DIRECTIONS FOR THIS TASK
Type the entries again, word for word.

+++ SOURCE DATA +++

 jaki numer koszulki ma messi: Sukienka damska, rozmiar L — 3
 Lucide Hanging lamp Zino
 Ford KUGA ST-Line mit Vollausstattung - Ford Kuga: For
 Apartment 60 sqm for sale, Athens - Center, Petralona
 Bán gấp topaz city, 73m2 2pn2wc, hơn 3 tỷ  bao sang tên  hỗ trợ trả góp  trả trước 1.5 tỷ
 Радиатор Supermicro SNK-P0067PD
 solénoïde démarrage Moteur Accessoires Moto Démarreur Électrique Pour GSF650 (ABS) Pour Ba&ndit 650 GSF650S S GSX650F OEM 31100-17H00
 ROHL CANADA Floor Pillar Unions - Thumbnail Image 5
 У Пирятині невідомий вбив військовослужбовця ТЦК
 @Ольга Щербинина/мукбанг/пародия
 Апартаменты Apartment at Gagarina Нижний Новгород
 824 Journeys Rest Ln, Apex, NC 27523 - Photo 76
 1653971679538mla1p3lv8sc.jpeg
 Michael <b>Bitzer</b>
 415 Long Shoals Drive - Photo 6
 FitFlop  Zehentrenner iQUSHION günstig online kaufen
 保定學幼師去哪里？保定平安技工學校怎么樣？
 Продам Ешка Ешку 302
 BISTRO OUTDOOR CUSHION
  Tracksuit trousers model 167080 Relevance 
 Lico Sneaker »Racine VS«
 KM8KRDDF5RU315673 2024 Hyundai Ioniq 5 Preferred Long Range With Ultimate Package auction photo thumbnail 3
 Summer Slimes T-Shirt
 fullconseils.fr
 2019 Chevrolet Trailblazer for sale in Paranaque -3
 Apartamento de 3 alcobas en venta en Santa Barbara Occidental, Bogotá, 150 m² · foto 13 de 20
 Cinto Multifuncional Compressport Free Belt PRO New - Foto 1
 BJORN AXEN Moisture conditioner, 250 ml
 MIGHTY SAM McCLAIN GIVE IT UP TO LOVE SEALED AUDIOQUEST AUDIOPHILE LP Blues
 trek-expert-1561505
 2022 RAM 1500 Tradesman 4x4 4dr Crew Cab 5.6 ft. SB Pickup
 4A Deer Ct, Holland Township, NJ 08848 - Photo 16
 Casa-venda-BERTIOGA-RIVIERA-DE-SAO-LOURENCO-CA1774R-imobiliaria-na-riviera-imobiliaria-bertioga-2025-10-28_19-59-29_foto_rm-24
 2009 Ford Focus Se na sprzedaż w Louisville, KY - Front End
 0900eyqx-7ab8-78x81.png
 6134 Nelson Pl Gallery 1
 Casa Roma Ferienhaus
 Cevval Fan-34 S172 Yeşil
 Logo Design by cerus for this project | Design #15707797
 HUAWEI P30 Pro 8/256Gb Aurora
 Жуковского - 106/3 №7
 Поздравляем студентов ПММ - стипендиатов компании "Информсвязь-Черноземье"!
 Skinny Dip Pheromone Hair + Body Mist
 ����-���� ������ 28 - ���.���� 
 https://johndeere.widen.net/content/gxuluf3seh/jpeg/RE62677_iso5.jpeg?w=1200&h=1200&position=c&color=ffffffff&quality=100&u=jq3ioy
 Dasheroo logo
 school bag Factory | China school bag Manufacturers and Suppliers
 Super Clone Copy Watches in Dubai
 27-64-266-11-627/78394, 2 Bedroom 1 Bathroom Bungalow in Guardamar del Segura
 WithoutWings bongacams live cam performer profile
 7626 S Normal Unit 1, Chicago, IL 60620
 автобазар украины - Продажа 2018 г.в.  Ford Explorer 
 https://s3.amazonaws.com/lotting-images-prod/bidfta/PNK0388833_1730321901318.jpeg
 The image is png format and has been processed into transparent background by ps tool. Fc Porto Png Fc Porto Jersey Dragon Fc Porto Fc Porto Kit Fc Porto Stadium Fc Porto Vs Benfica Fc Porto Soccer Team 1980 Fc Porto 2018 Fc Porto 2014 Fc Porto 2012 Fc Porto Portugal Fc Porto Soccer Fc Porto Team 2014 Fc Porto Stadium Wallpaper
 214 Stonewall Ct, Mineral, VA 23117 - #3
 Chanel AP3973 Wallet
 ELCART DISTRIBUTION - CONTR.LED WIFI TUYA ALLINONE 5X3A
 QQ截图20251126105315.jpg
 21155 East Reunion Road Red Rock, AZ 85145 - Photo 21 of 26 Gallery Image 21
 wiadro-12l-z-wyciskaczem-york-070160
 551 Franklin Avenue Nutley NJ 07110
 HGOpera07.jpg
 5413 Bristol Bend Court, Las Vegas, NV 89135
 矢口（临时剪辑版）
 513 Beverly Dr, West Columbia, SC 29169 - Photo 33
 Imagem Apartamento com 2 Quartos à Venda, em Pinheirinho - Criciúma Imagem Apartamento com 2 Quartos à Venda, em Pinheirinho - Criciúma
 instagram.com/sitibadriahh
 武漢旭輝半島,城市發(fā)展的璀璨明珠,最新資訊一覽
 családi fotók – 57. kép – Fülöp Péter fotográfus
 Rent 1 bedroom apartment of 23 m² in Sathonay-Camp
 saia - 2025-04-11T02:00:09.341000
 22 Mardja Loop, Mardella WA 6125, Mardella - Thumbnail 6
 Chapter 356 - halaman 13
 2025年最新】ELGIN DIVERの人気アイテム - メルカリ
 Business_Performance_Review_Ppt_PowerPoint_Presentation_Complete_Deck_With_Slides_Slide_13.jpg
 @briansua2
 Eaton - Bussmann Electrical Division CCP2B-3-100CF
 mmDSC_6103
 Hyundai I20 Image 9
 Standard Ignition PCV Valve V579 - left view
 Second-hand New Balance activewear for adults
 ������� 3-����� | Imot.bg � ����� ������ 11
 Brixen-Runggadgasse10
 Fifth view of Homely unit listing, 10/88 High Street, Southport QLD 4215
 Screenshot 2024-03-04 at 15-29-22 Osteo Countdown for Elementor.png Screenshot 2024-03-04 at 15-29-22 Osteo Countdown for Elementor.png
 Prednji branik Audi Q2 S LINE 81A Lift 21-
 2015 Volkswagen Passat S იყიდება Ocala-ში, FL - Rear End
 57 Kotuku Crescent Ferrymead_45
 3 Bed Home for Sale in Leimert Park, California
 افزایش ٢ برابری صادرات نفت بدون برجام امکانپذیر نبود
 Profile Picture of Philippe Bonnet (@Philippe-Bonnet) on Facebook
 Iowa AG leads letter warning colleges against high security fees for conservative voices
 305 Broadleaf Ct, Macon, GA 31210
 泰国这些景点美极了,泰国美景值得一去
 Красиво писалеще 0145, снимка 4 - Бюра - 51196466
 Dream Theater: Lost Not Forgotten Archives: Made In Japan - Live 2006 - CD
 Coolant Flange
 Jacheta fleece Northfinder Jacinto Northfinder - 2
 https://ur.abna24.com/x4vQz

+++

EXERCISE OUTPUT
 jaki numer koszulki ma messi: Sukienka damska, rozmiar L — 3
 Lucide Hanging lamp Zino
 Ford KUGA ST-Line mit Vollausstattung - Ford Kuga: For
 Apartment 60 sqm for sale, Athens - Center, Petralona
 Bán gấp topaz city, 73m2 2pn2wc, hơn 3 tỷ  bao sang tên  hỗ trợ trả góp  trả trước 1.5 tỷ
 Радиатор Supermicro SNK-P0067PD
 solénoïde démarrage Moteur Accessoires Moto Démarreur Électrique Pour GSF650 (ABS) Pour Ba&ndit 650 GSF650S S GSX650F OEM 31100-17H00
 ROHL CANADA Floor Pillar Unions - Thumbnail Image 5
 У Пирятині невідомий вбив військовослужбовця ТЦК
 @Ольга Щербинина/мукбанг/пародия
 Апартаменты Apartment at Gagarina Нижний Новгород
 824 Journeys Rest Ln, Apex, NC 27523 - Photo 76
 1653971679538mla1p3lv8sc.jpeg
 Michael <b>Bitzer</b>
 415 Long Shoals Drive - Photo 6
 FitFlop  Zehentrenner iQUSHION günstig online kaufen
 保定學幼師去哪里？保定平安技工學校怎么樣？
 Продам Ешка Ешку 302
 BISTRO OUTDOOR CUSHION
  Tracksuit trousers model 167080 Relevance 
 Lico Sneaker »Racine VS«
 KM8KRDDF5RU315673 2024 Hyundai Ioniq 5 Preferred Long Range With Ultimate Package auction photo thumbnail 3
 Summer Slimes T-Shirt
 fullconseils.fr
 2019 Chevrolet Trailblazer for sale in Paranaque -3
 Apartamento de 3 alcobas en venta en Santa Barbara Occidental, Bogotá, 150 m² · foto 13 de 20
 Cinto Multifuncional Compressport Free Belt PRO New - Foto 1
 BJORN AXEN Moisture conditioner, 250 ml
 MIGHTY SAM McCLAIN GIVE IT UP TO LOVE SEALED AUDIOQUEST AUDIOPHILE LP Blues
 trek-expert-1561505
 2022 RAM 1500 Tradesman 4x4 4dr Crew Cab 5.6 ft. SB Pickup
 4A Deer Ct, Holland Township, NJ 08848 - Photo 16
 Casa-venda-BERTIOGA-RIVIERA-DE-SAO-LOURENCO-CA1774R-imobiliaria-na-riviera-imobiliaria-bertioga-2025-10-28_19-59-29_foto_rm-24
 2009 Ford Focus Se na sprzedaż w Louisville, KY - Front End
 0900eyqx-7ab8-78x81.png
 6134 Nelson Pl Gallery 1
 Casa Roma Ferienhaus
 Cevval Fan-34 S172 Yeşil
 Logo Design by cerus for this project | Design #15707797
 HUAWEI P30 Pro 8/256Gb Aurora
 Жуковского - 106/3 №7
 Поздравляем студентов ПММ - стипендиатов компании "Информсвязь-Черноземье"!
 Skinny Dip Pheromone Hair + Body Mist
 ����-���� ������ 28 - ���.���� 
 https://johndeere.widen.net/content/gxuluf3seh/jpeg/RE62677_iso5.jpeg?w=1200&h=1200&position=c&color=ffffffff&quality=100&u=jq3ioy
 Dasheroo logo
 school bag Factory | China school bag Manufacturers and Suppliers
 Super Clone Copy Watches in Dubai
 27-64-266-11-627/78394, 2 Bedroom 1 Bathroom Bungalow in Guardamar del Segura
 WithoutWings bongacams live cam performer profile
 7626 S Normal Unit 1, Chicago, IL 60620
 автобазар украины - Продажа 2018 г.в.  Ford Explorer 
 https://s3.amazonaws.com/lotting-images-prod/bidfta/PNK0388833_1730321901318.jpeg
 The image is png format and has been processed into transparent background by ps tool. Fc Porto Png Fc Porto Jersey Dragon Fc Porto Fc Porto Kit Fc Porto Stadium Fc Porto Vs Benfica Fc Porto Soccer Team 1980 Fc Porto 2018 Fc Porto 2014 Fc Porto 2012 Fc Porto Portugal Fc Porto Soccer Fc Porto Team 2014 Fc Porto Stadium Wallpaper
 214 Stonewall Ct, Mineral, VA 23117 - #3
 Chanel AP3973 Wallet
 ELCART DISTRIBUTION - CONTR.LED WIFI TUYA ALLINONE 5X3A
 QQ截图20251126105315.jpg
 21155 East Reunion Road Red Rock, AZ 85145 - Photo 21 of 26 Gallery Image 21
 wiadro-12l-z-wyciskaczem-york-070160
 551 Franklin Avenue Nutley NJ 07110
 HGOpera07.jpg
 5413 Bristol Bend Court, Las Vegas, NV 89135
 矢口（临时剪辑版）
 513 Beverly Dr, West Columbia, SC 29169 - Photo 33
 Imagem Apartamento com 2 Quartos à Venda, em Pinheirinho - Criciúma Imagem Apartamento com 2 Quartos à Venda, em Pinheirinho - Criciúma
 instagram.com/sitibadriahh
 武漢旭輝半島,城市發(fā)展的璀璨明珠,最新資訊一覽
 családi fotók – 57. kép – Fülöp Péter fotográfus
 Rent 1 bedroom apartment of 23 m² in Sathonay-Camp
 saia - 2025-04-11T02:00:09.341000
 22 Mardja Loop, Mardella WA 6125, Mardella - Thumbnail 6
 Chapter 356 - halaman 13
 2025年最新】ELGIN DIVERの人気アイテム - メルカリ
 Business_Performance_Review_Ppt_PowerPoint_Presentation_Complete_Deck_With_Slides_Slide_13.jpg
 @briansua2
 Eaton - Bussmann Electrical Division CCP2B-3-100CF
 mmDSC_6103
 Hyundai I20 Image 9
 Standard Ignition PCV Valve V579 - left view
 Second-hand New Balance activewear for adults
 ������� 3-����� | Imot.bg � ����� ������ 11
 Brixen-Runggadgasse10
 Fifth view of Homely unit listing, 10/88 High Street, Southport QLD 4215
 Screenshot 2024-03-04 at 15-29-22 Osteo Countdown for Elementor.png Screenshot 2024-03-04 at 15-29-22 Osteo Countdown for Elementor.png
 Prednji branik Audi Q2 S LINE 81A Lift 21-
 2015 Volkswagen Passat S იყიდება Ocala-ში, FL - Rear End
 57 Kotuku Crescent Ferrymead_45
 3 Bed Home for Sale in Leimert Park, California
 افزایش ٢ برابری صادرات نفت بدون برجام امکانپذیر نبود
 Profile Picture of Philippe Bonnet (@Philippe-Bonnet) on Facebook
 Iowa AG leads letter warning colleges against high security fees for conservative voices
 305 Broadleaf Ct, Macon, GA 31210
 泰国这些景点美极了,泰国美景值得一去
 Красиво писалеще 0145, снимка 4 - Бюра - 51196466
 Dream Theater: Lost Not Forgotten Archives: Made In Japan - Live 2006 - CD
 Coolant Flange
 Jacheta fleece Northfinder Jacinto Northfinder - 2
 https://ur.abna24.com/x4vQz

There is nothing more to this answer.